The outlet of the pump housing 510 preferably comprises a fluid flow controller 520, such as a solenoid valve or a mechanical valve, that allows pressurized fluid to flow from the pump chamber 516 to a fluid distributor 522 upon actuation of the fluid flow controller 520, which can be effected using an electrical or mechanical coupling between the fluid flow controller 520 and a user-accessible actuator 524. The user-accessible actuator 524 is preferably provided on the tool body 16′″ near the hose connector 30′″, which provides a convenient place for the user to grip the accessory tool 10′″ while being able to selectively press the actuator 524 using the thumb or finger of the gripping hand. The fluid distributor 522 comprises a fluid conduit 526 extending along the suction nozzle 38′″ that defining a fluid flow path 528 between the fluid flow controller 520 and a spray nozzle 530 positioned to spray fluid onto the surface to be cleaned, forwardly of the suction nozzle 38′″.
In operation, when the turbine 86′″ is exposed to a moving air stream, such as that created by the vacuum cleaner 14, the axle 514 rotates with the turbine. The rotation of the axle 514 cases the pump fan 512. The suction fan 86′″ also rotates, as previously described. As the pump fan 512 rotates, the cleaning fluid in the pump chamber 516 is pressurized.
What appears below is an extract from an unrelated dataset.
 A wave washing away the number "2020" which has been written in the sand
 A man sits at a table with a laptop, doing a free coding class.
Pressing the actuator 524 opens the fluid flow controller 520, allowing pressurized cleaning fluid to flow from the pump chamber 516, through the fluid flow path 528, and onto the surface to be cleaned, via the spray nozzle 530.
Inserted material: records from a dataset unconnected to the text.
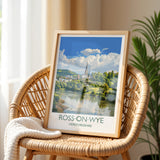A framed poster of Ross-on-Wye, a picturesque town in Herefordshire, England, displayed on a wicker chair.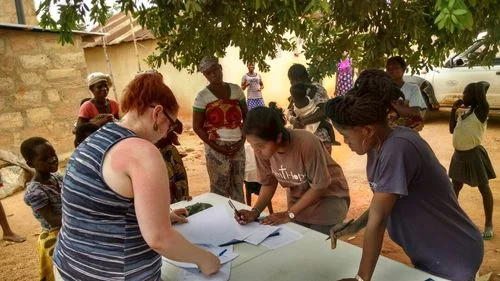 Nicole, from Washington State, Tasneem, from Kentucky, and Stella from Ghana, all working together to process children at the Nutrition Outreach project.
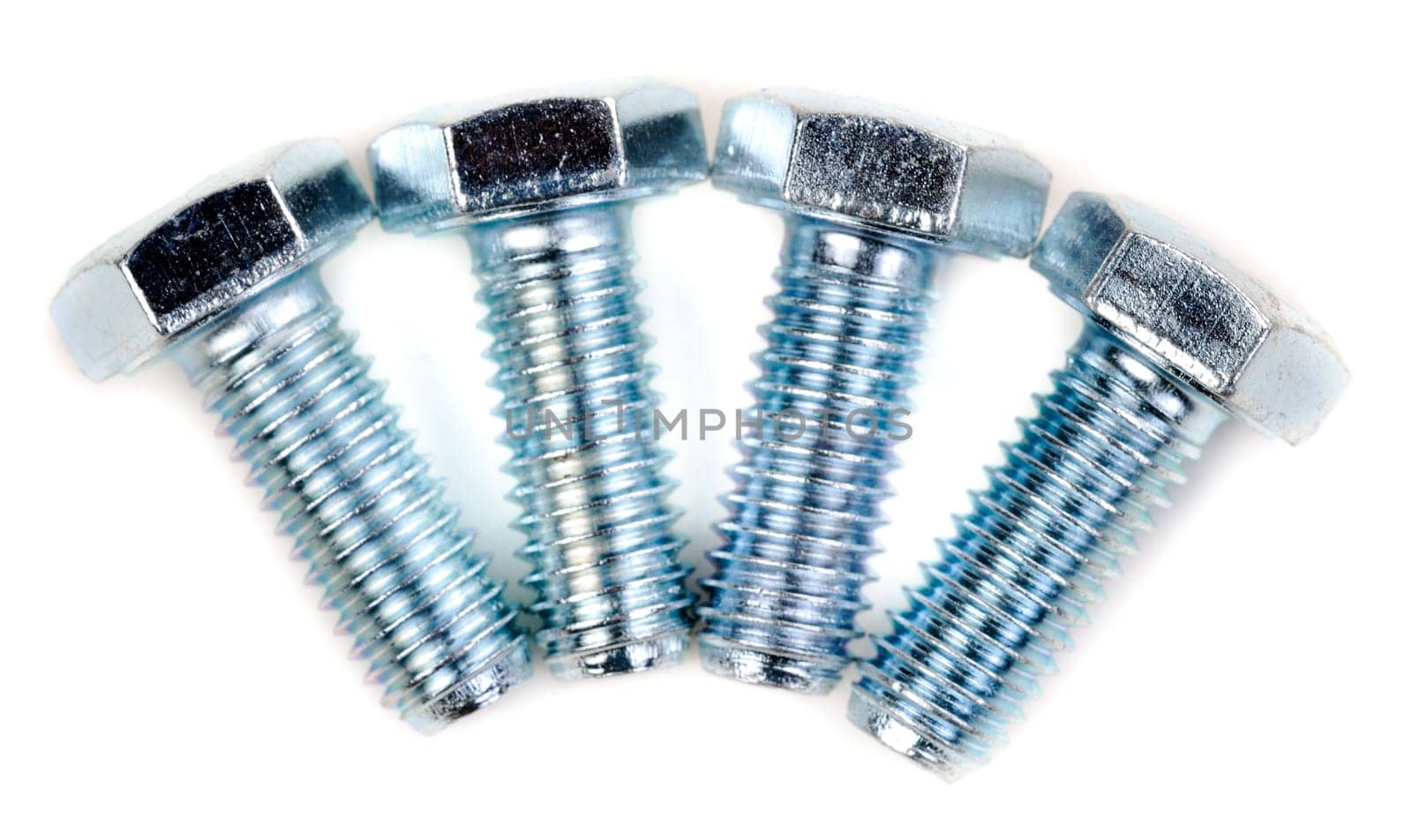 Four steel screws isolated on white background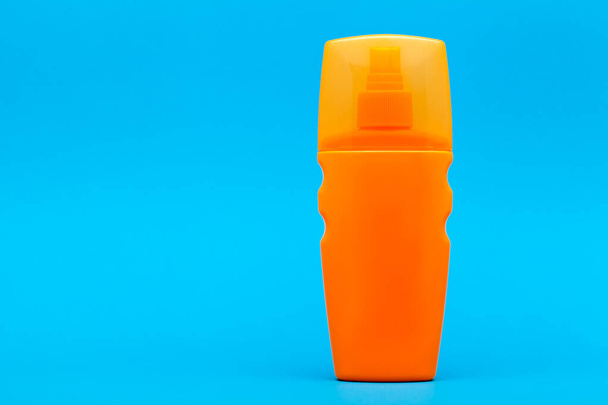 orange unlable bottle of sunscreen on a blue background with copy space. - Фото, изображение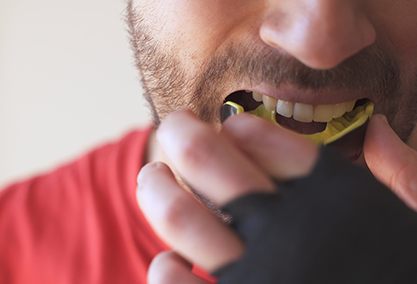 Man putting on yellow and black mouthguard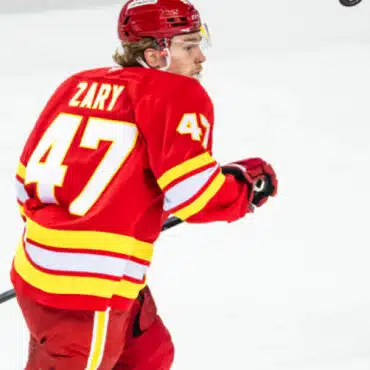 Ice hockey player in red jersey with number 47 skating on ice.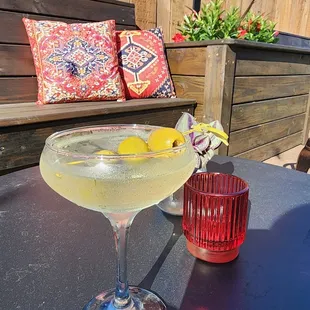 a glass of lemonade on a table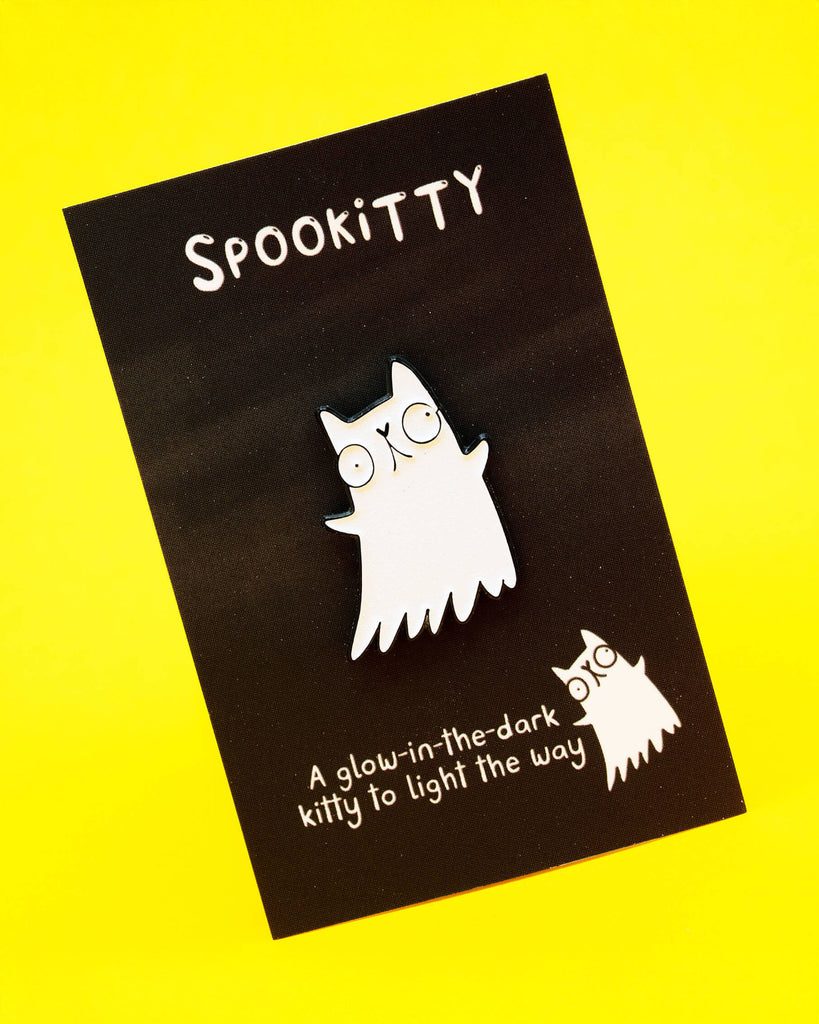 A Katie Abey Spookitty glow in the dark glitter enamel pin badge displayed on a black backing card against a bright yellow background. The white ghost cat design features big round eyes, a black outline, and a wavy ghost tail. Cute spooky themed enamel pin perfect for jackets, bags, and accessories.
The accessory tool according to any of the above embodiments can expand the cleaning capability of a conventional dry floor surface cleaning appliance by allowing the dry vacuum cleaner to be used to distribute cleaning fluid as well as recover fluid. The accessory tool can also be used with a wet extraction cleaning appliance for both distributing and recovering fluid. The accessory tool is designed such that the water recovery path is separated and isolated from the conventional working air path of the vacuum cleaning appliance to prevent water laden working air from entering the vacuum cleaning appliance. Other embodiments of the accessory tool not specifically shown herein are possible. For example, the accessory tool can include an agitating surface, such as a scrubbing pad or a brush. The agitating surface can further be configured for movement, and can be coupled with the turbine to provide motive power thereto.
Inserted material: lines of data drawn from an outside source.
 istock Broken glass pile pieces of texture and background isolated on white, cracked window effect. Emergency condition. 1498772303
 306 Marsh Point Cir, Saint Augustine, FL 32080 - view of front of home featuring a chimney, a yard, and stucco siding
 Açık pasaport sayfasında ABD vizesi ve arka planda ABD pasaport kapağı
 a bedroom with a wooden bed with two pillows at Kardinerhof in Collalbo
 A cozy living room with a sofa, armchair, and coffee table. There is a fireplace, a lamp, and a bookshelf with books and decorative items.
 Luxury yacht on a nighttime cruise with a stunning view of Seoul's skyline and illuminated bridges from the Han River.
While the invention has been specifically described in connection with certain specific embodiments thereof, it is to be understood that this is by way of illustration and not of limitation. Reasonable variation and modification are possible within the scope of the foregoing disclosure with out departing from the spirit of the invention which is described in the appended claims. For example, while the figures describe a device with the main operating components arranged along a generally vertical axis relative to the tool body, it is understood that the components can be arranged along a generally horizontal axis or at any angle therebetween.